2.1.3 Concept of the fiscal scheme

The precedent from fiscal terms of the participating countries strongly influences the design of fiscal terms in a JDZ, but usually with an element of purpose-built fiscal terms for the zone. The detailed examples in this chapter all rely on a core fiscal mechanism (whether production sharing or otherwise) from which the countries then share proceeds. What remains to the private participants after this core mechanism may be taxed, either according to common rules or under each country’s national scheme with revenues and costs apportioned using the JDZ attribution percentages.

Thus even where one country operates a licensing system and the other does not, the JDZ might rely upon a single contractual scheme. A production sharing contract, for example, may determine the initial sharing of production between the JDZ governments collectively and any private investor, even where that PSC model does not reflect practice in either participating state. As with most such systems when used nationally, a hybrid emerges in which taxation applies to residual income of the “contractor” after production sharing.

Similarly, where the parties agree to a tax and royalty system – not contractual and not with production sharing – the core charge for the resource could be a combination of bonus, royalty or fees, charged collectively and distributed to the partner states. Again, tax would follow on the residual income. The Nigeria–São Tomé e Príncipe and Timor-Leste schemes reflect this approach.

By contrast, if the parties cannot agree a core fiscal scheme, jointly operated, then each country’s own fiscal system could apply to the gross proceeds of petroleum production in the attribution percentages. This would bring the JDZ closer to a unitisation scheme. Private investors face more challenges under this alternative because they lack the assurance of a common scheme agreed by the parties: the partner states have the usual incentives arising from time inconsistency to seek to secure a higher share of their own attribution percentages after production starts, though the JDZ architecture would usually place some constraint on any unilateral attempt to modify terms by one party.

2.1.4 National oil companies

Where the partner states have strong national oil companies with privileged positions in their own exclusive jurisdictions, these positions often carry over to the JDZ. An automatic role for the respective NOCs, for example, prevails in Malaysia–Thailand but not in Nigeria–São Tomé e Príncipe, or in Timor-Leste–Australia. In some respects, NOC dominance simplifies matters since the direct attraction of private investment by the JDZ regimes becomes irrelevant: the NOCs take full responsibility for the financing of exploration and development.

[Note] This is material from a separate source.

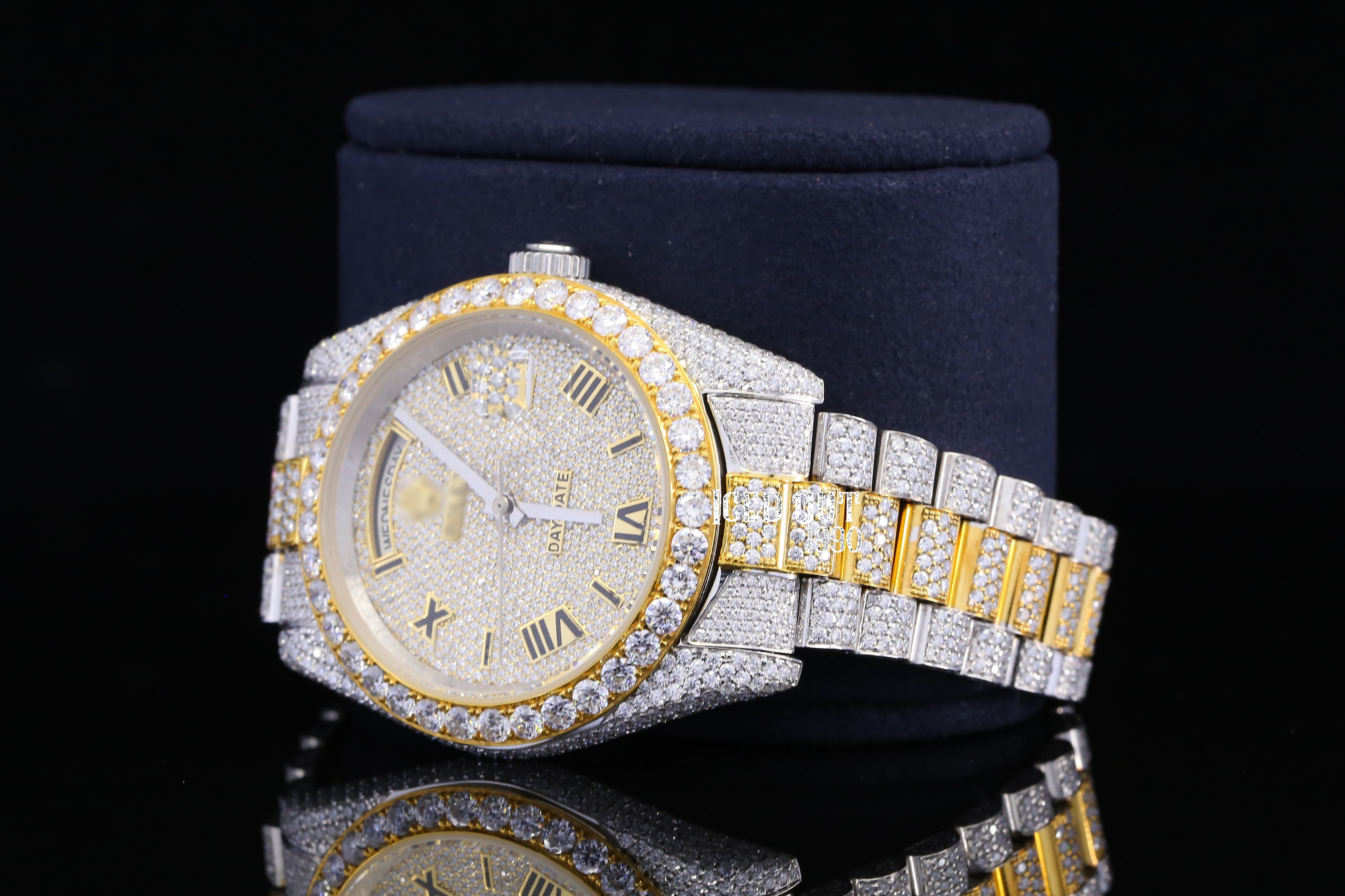 Two Tone Round Cut Moissanite Diamond Iced Out Watch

In a mixed system, the NOCs could function as recipient of production shares for the governments, obviating the need for a separate collection agency. Malaysia–Thailand, for example, contrasts with Timor-Leste–Australia in this respect. Many JDZs have a joint authority that functions not only as regulator but also as collector of significant revenues via fees or production sharing. In principle, the regulatory authority could deal with taxes designed specifically for the JDZ, though national tax authorities generally retain this role.

2.1.5 Taxation

JDZs have adopted either a single tax system for the JDZ or application of each country’s tax system in attribution percentages. Common direct taxation by assessment with separate applications of indirect taxes or taxes by withholding represents a combination. The system of unified resource taxation (the resource charge or production sharing) with separate application of normal business and indirect taxation is common.

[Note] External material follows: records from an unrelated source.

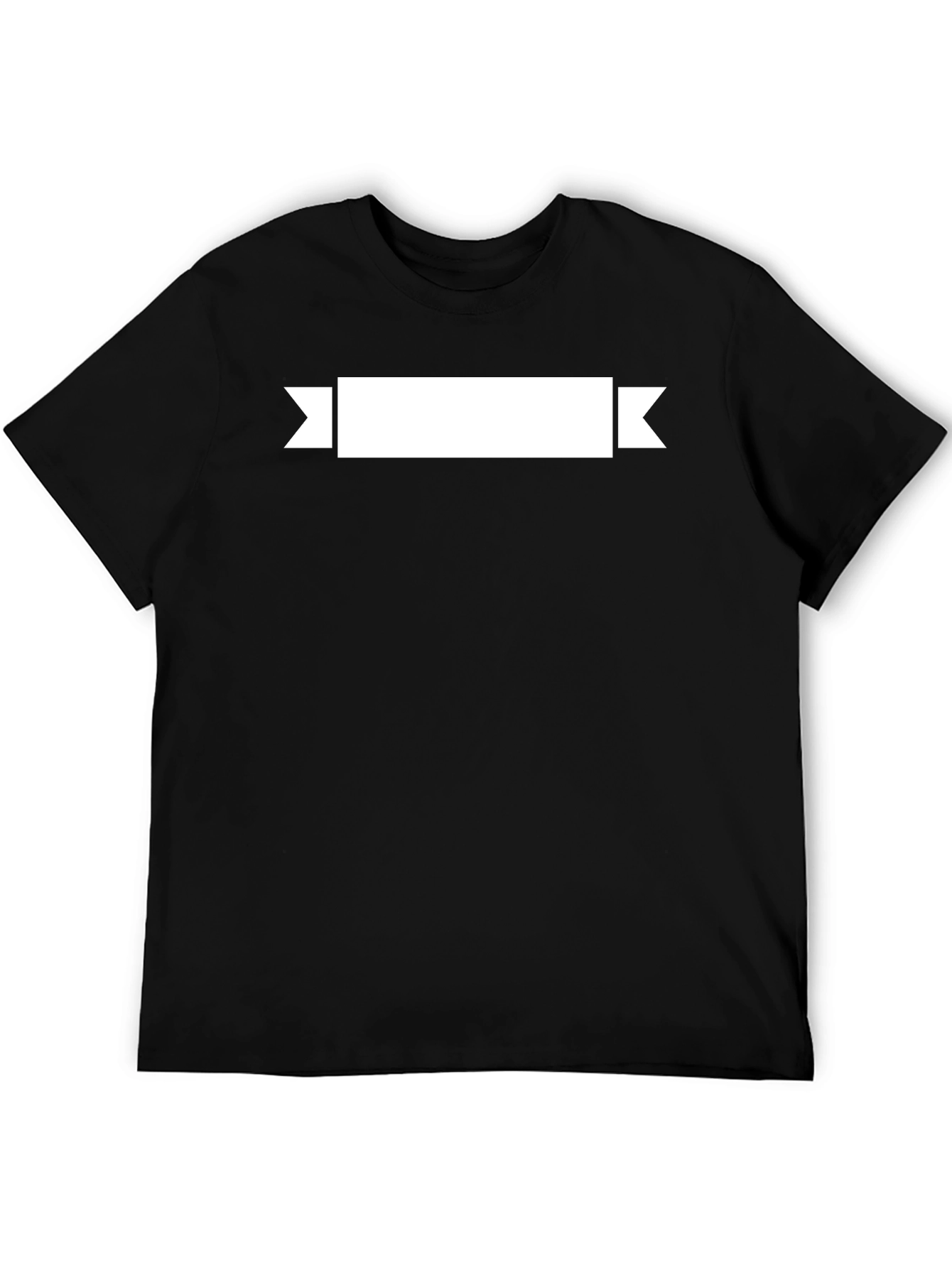 Mens Black T-Shirt with Customizable Banner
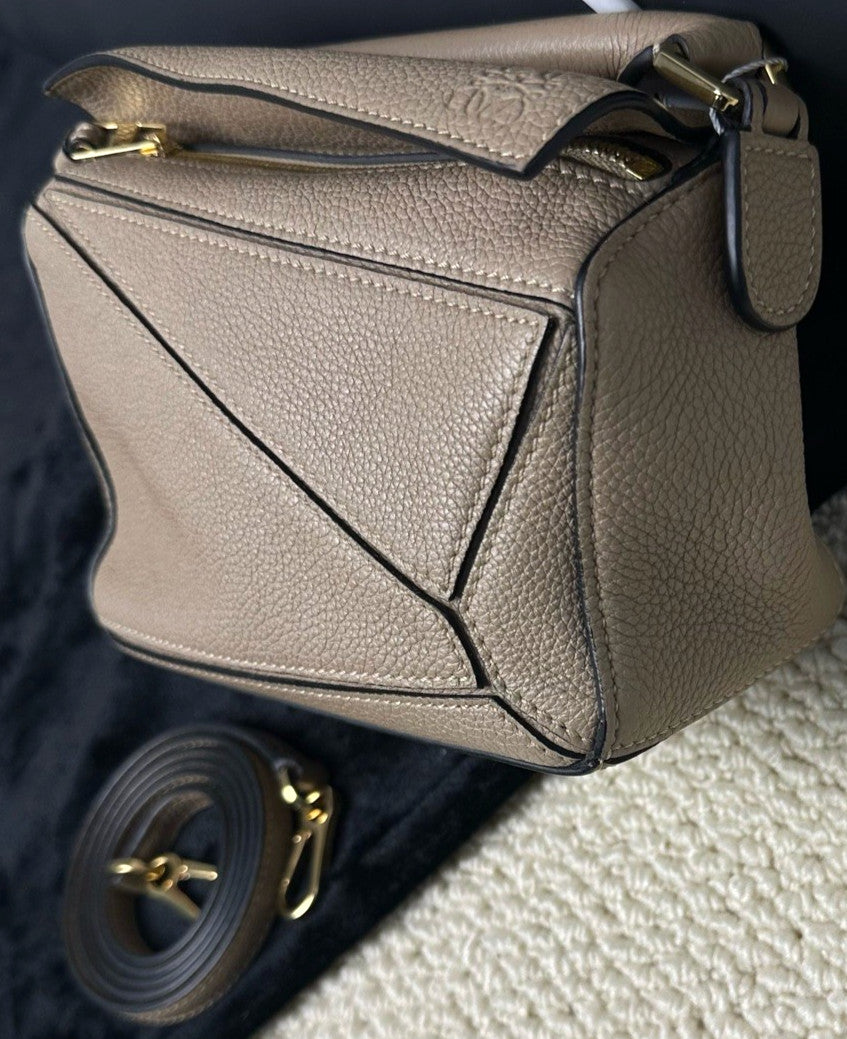 Loewe Mini Puzzle Calfskin Top Handle Shoulder Crossbody Bag Gray Women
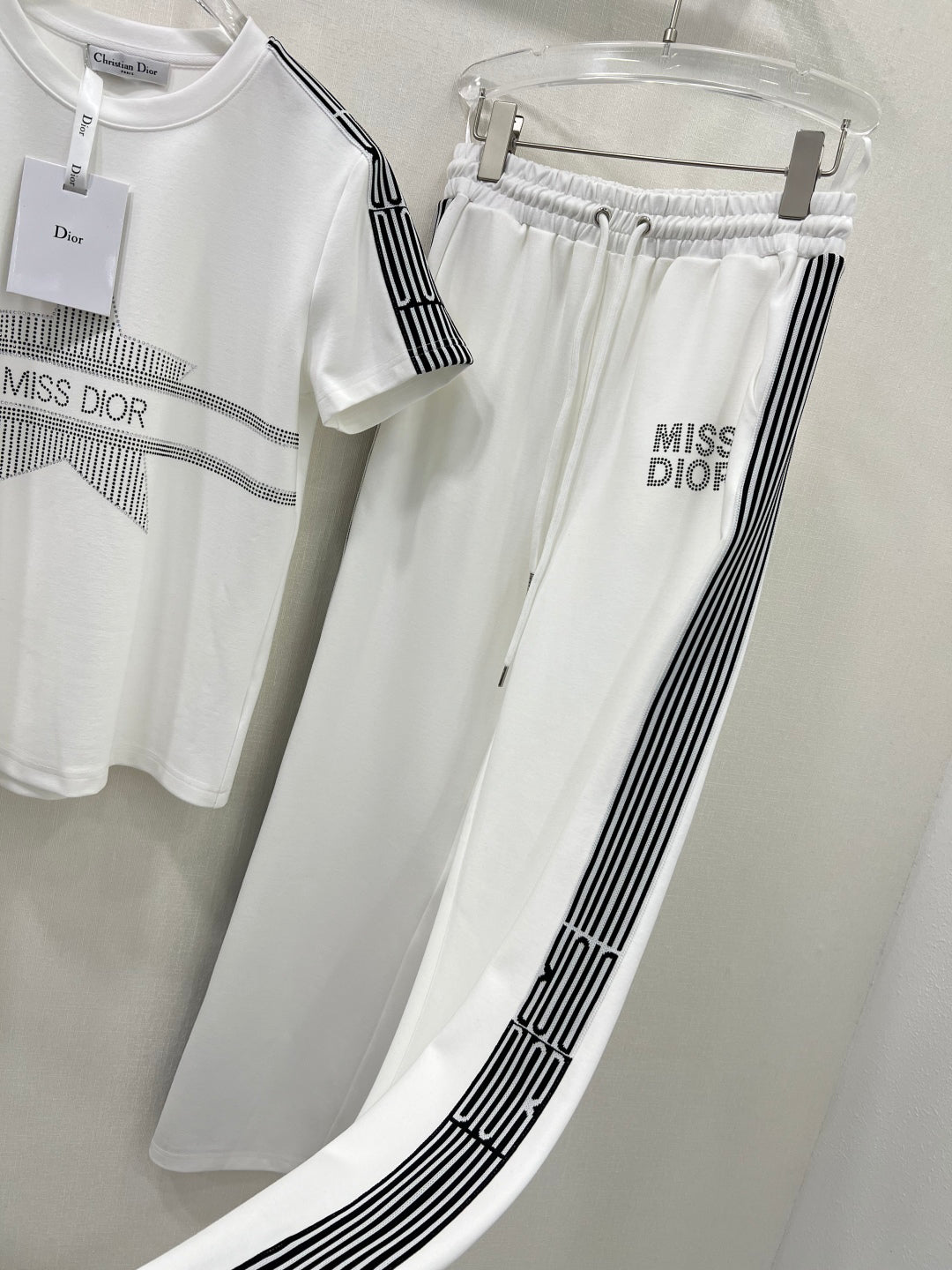 25ss Hot stamping ribbon short sleeved shirt ➕ Combination of straight tubes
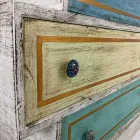 Cómoda con cajones de colores y pomos de cerámica Made in Italy - Hendriks viadurini
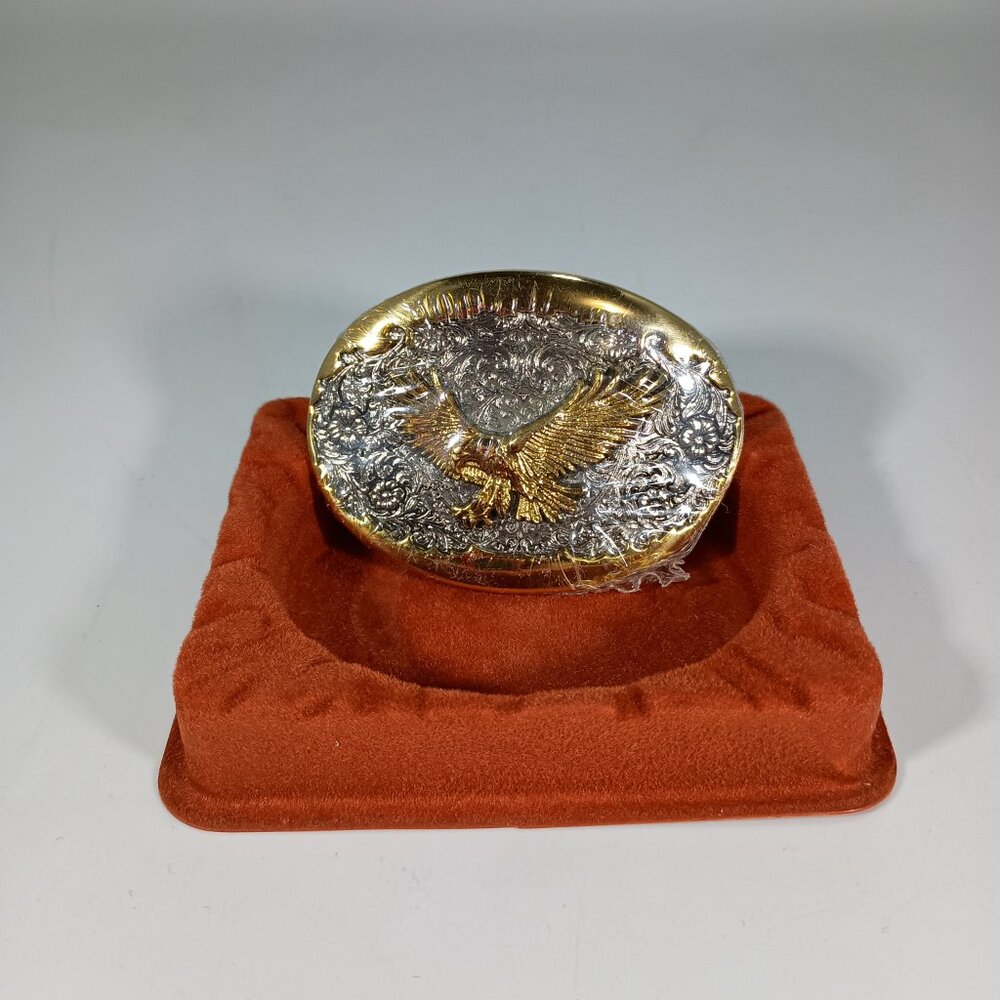 24K Gold Plated Patriotic American Eagle Vtg Award Design Medals Belt Buckle NEW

Application of national taxes, however, requires the equivalent specifically for the JDZ of an international double taxation agreement or code for the JDZ. The existence of the JDZ raises specific complications over source and residence for income tax purposes – commonly resolved by deeming the JDZ to be the tax territory of both countries but with rights to tax only in the attribution percentages. Limitations on withholding taxes on payments to nonresidents become part of the mechanisms to limit competitive appropriation of revenues beyond the attribution percentages.8

Most countries now specify a treatment for capital gains purposes of transfers of interest in petroleum rights and in assets associated with those rights. Again the harmonisation or integration of these rules in a JDZ presents significant challenges.9

2.1.6 Unitisation beyond a JDZ

The fact that perimeters of a JDZ are usually arbitrary means that discoveries are possible that lie across these perimeters. The parties then face, if willing, unitisation of fields applying a JDZ regime to one part and a national regime to another. Just as likely – and represented by Greater Sunrise between Timor-Leste and Australia – the JDZ itself may have temporarily settled only part of a dispute. If areas outside the JDZ also remain contested the parties may require still further “interim arrangements”, exactly as happened between Australia and Timor-Leste. This phenomenon serves only to emphasise the incompleteness and temporary nature of JDZ schemes.

2.1.7 Petroleum infrastructure

At the time of UNCLOS and then the first establishment of JDZs in disputed maritime areas the exploration target was oil (not natural gas) and the expectation was for infrastructure located within the JDZ close to any producing field. Upstream operations would terminate, and fiscal value would arise “at the point of tanker loading”. Subsequently, however, interest in gas raised the challenge of jurisdiction and taxation of transportation and processing facilities for JDZ products that might be located outside the JDZ (Calder, this volume). The Timor Sea Treaty, for example, provides that a pipeline commencing in the JDZ but landing in one of the contracting states comes under the jurisdiction of the destination state.10

Crude oil loaded onto a tanker at facilities within the JDZ has a specific value (when not sold at arm’s length) at the closest reference price adjusted for quality and transportation cost differentials. Oil and more especially gas transported out of a JDZ by pipeline requires valuation for upstream fiscal purposes after deduction of the transportation costs. How are those to be assessed? The answer requires transfer pricing rules that may benefit from no established point of reference and hence no comparable uncontrolled price. Similarly, natural gas transported by pipeline then processed into LNG outside the JDZ has an upstream “price” that may reflect a series of affiliate transactions with owners of transportation and processing infrastructure. This infrastructure requires planning, construction, and operation, all of which under a national jurisdiction would give rise to taxable income. Attribution of taxing rights for such income is far from straightforward in the case of a JDZ.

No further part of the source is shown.